EVCITY provides all-in-one cross border payment solution via Stripe and GoAllPay ,enabling all major debit and credit cards from customers in every country,Accept your customers to check out faster with wallet payment methods that digitally store credit and debit cards. Wallets eliminate the need for customers to manually enter their card and billing information, offering a quick and convenient way to pay.

Easy Integration

We provide one-stop integration service of API or SDK to integrate existing Set up or new EV Charger

Transaction and Settlement Currency

EVCity supports USD, EUR, HKD, JPY, GBP and other over 20 kinds of trading currencies for transaction and settlement.

Payment Gateway

We are supports multiple terminal access integration, as PC Website online payment, APP and other system,offline payment

Solar photovoltaic(PV)+Energy Storage Systems(ESS)

Sync with your solar PV setup or other home renewable to benefit from Environmentally friendly charge electricity demand has plateaued in recent years. This is due to the higher energy efficiency of buildings and appliances, as well as solar panels installed at homes that are also Renewable Energy sources.

Our intelligent algorithms make sure that you squeeze every last kilowatt hour out of your connection to the grid;EVICES (Electric Vehicle Integrated Energy Storage System) monitors and controls all your energy assets: solar production, building consumption, batteries, and EV charging.

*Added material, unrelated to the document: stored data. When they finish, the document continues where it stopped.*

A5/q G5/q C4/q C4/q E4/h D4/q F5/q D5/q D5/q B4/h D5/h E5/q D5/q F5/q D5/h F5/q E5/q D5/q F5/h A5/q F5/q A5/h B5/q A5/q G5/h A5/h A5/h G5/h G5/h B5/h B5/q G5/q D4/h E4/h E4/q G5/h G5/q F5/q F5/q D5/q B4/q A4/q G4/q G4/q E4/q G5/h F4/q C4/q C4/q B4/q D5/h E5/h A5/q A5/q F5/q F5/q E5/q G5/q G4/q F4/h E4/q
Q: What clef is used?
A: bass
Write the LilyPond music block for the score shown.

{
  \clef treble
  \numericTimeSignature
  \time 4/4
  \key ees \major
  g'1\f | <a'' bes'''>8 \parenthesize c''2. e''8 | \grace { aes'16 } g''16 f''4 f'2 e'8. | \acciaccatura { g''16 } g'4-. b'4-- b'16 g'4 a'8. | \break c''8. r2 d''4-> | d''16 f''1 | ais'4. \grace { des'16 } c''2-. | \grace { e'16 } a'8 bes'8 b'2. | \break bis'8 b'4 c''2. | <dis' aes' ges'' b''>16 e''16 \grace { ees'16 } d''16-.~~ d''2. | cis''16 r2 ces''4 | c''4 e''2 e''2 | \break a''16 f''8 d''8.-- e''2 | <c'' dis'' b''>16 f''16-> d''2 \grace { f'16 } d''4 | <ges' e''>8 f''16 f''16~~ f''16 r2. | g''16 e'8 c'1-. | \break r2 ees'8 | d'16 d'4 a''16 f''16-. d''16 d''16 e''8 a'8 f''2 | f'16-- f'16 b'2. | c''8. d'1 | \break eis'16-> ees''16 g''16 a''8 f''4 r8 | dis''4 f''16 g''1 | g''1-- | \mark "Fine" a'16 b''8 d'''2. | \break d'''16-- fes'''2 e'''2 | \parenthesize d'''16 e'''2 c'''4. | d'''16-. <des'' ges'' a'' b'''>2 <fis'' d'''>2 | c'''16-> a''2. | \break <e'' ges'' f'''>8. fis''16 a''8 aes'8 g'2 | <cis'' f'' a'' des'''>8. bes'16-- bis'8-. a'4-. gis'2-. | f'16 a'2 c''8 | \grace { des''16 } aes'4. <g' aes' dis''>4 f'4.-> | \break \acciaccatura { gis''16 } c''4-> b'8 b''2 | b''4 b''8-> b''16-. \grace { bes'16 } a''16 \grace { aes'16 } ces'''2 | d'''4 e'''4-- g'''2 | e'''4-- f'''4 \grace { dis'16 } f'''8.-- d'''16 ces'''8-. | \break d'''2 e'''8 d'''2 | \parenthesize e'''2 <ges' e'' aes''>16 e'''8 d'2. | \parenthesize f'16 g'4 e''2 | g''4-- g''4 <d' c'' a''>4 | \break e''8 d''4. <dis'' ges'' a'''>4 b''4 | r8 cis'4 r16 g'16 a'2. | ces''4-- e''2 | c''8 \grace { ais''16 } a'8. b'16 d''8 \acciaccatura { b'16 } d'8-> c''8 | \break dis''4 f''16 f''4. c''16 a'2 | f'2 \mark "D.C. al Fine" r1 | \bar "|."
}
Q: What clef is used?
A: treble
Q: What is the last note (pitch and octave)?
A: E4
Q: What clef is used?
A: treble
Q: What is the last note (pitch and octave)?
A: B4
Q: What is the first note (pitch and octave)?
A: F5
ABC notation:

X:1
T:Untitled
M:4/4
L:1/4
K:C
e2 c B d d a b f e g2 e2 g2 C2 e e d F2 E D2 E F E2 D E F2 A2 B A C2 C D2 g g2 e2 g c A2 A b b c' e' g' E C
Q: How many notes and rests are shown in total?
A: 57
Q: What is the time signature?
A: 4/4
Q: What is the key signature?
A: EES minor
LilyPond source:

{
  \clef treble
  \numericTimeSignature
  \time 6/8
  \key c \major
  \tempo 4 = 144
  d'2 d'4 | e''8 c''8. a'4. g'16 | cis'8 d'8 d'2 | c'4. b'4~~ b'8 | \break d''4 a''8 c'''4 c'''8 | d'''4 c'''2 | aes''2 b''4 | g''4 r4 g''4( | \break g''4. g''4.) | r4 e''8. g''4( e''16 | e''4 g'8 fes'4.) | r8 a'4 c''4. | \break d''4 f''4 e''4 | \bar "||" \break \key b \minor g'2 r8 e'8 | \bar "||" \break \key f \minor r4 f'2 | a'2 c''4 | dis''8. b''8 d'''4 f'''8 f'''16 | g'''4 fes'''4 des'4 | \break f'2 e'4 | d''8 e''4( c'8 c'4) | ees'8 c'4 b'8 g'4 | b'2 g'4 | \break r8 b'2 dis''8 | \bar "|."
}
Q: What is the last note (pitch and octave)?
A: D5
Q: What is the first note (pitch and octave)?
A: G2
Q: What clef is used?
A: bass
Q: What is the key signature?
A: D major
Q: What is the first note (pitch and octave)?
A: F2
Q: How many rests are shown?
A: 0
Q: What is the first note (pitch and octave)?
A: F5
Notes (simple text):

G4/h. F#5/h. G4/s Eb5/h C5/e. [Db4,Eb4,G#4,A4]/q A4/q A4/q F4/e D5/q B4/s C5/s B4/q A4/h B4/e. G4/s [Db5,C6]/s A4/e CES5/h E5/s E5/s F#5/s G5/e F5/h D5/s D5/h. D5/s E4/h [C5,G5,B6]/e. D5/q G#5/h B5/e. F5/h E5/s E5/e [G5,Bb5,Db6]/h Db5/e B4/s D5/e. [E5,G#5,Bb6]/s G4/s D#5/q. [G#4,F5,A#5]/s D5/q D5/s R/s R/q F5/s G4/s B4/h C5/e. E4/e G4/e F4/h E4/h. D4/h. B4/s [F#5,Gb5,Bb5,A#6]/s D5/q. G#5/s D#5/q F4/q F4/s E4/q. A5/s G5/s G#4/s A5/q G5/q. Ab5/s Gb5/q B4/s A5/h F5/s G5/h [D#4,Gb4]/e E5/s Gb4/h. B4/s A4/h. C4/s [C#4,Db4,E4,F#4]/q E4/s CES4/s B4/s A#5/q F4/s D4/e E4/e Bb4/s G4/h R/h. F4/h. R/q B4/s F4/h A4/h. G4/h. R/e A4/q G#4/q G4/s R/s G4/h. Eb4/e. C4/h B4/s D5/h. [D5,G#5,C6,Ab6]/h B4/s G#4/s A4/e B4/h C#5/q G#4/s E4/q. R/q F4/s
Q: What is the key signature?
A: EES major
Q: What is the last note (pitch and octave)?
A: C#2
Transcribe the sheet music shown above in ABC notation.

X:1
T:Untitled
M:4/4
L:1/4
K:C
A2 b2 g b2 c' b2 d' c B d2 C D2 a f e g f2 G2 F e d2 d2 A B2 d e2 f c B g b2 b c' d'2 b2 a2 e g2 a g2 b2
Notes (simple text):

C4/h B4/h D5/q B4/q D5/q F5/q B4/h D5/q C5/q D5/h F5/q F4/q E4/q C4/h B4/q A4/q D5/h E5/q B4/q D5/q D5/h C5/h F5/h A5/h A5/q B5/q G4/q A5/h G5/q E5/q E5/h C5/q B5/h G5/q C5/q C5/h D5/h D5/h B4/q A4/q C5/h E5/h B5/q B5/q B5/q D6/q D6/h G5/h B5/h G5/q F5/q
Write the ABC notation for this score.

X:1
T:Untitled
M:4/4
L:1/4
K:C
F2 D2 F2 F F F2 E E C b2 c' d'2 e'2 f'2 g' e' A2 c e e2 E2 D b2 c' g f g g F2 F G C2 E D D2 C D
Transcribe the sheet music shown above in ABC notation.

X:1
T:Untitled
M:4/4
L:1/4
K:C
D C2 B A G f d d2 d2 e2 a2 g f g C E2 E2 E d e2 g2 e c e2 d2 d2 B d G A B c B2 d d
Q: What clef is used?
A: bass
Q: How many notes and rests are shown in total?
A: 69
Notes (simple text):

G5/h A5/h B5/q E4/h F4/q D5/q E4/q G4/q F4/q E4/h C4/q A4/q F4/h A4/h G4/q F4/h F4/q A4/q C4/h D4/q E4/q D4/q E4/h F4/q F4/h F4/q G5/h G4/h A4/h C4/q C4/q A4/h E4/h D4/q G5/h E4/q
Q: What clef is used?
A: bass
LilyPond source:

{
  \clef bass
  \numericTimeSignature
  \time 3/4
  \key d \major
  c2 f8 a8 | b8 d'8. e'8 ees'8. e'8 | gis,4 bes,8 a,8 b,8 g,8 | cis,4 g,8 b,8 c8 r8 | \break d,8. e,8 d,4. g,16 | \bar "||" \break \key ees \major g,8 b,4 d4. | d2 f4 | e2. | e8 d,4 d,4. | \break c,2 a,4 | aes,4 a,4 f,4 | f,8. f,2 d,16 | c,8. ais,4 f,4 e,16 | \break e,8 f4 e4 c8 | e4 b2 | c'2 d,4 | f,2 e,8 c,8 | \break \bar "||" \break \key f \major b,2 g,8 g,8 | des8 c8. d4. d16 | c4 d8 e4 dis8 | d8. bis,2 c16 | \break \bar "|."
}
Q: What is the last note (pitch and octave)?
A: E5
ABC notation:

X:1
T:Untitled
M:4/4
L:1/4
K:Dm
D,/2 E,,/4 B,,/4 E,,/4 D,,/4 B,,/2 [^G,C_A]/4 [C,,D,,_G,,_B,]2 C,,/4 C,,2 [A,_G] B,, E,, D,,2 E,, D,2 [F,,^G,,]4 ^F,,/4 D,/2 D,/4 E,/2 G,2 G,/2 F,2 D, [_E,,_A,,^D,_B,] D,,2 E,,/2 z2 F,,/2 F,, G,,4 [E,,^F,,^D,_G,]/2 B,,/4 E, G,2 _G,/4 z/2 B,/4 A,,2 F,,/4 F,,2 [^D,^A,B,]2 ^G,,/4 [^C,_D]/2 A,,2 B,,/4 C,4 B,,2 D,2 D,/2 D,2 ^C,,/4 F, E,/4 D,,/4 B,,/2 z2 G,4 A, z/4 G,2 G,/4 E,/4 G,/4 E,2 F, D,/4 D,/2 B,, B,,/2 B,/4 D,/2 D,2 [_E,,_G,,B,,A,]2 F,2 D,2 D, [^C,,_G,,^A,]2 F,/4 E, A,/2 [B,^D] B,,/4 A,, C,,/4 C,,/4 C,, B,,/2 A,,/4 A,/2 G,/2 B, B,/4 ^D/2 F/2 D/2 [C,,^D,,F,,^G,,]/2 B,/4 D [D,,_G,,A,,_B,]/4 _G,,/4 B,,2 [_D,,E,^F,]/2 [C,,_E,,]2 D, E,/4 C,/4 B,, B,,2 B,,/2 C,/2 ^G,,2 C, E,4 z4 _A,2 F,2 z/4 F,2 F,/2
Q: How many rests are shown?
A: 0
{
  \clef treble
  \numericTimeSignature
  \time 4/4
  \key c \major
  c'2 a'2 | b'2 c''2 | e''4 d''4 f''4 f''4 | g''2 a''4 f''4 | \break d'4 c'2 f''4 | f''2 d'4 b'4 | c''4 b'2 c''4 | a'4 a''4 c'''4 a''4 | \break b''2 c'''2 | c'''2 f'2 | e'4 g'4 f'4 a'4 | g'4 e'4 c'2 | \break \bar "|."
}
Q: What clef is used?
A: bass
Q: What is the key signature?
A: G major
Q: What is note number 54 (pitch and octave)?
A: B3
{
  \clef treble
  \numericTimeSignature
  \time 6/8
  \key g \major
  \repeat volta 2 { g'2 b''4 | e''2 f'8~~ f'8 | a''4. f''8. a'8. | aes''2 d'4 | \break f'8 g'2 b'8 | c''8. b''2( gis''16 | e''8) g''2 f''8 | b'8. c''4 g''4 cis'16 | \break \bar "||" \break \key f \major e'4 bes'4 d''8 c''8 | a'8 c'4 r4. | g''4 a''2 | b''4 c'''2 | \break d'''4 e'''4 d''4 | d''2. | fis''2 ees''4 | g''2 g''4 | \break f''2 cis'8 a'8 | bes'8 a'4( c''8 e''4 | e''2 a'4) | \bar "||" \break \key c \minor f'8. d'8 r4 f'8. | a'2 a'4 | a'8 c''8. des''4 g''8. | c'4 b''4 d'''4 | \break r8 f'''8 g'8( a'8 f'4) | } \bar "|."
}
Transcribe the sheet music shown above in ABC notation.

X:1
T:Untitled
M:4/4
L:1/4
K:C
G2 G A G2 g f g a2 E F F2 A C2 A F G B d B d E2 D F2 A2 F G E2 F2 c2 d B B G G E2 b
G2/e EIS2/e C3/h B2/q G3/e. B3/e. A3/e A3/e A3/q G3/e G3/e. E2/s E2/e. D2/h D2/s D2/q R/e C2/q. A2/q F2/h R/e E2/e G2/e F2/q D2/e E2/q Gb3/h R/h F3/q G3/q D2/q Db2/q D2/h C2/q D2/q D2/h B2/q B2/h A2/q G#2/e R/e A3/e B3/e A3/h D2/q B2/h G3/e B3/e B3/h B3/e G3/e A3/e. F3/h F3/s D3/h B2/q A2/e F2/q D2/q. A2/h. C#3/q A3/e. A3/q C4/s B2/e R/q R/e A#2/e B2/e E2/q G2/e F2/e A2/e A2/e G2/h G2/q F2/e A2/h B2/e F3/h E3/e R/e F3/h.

In order to develop optimal EV charging plans that reduce emissions and costs, we use artificial intelligence and advanced algorithms. Do not waste the precious energy of the sun. To charge your electric vehicle, soak up the sun's energy.

Part of the important design criteria for the DCFC charging complex will be the means by which the complex manages its effect on the electric grid. The management of the grid load will have an impact on both energy distribution and energy costs required during this period, given that most away from home charging will take place during periods of peak demand. The preferred method of managing grid impact is the use of an ES system, since it allows for reduction in demand and load balancing.

This will benefit the grid and lower electricity costs as a result of reducing demand charges. The use of ES systems has its disadvantages. By design, the ES system will be discharged to provide power for vehicle charging at a faster rate than it is charged by the grid. If the energy storage capacity of the system is not large enough, relative to customer demand for charging, the system may not be able to keep up.

If vehicles arrive for charging when the ES system is fully depleted, the complex will either need to draw higher power from the grid (thus negatively impacting the grid, increasing demand charges, and defeating the purpose of the energy storage system), or truncate the power provided to the vehicles (thus increasing charging time). In order to achieve a 30% load factor, the charging complex should be designed in such a way that it meets minimum capability requirements.

Ideally, the load factor would be 50 % for a complicated meeting of final capability requirements. A lower load factor would mean the complex draws short, intermittent bursts of high power, which may be problematic for the electric grid.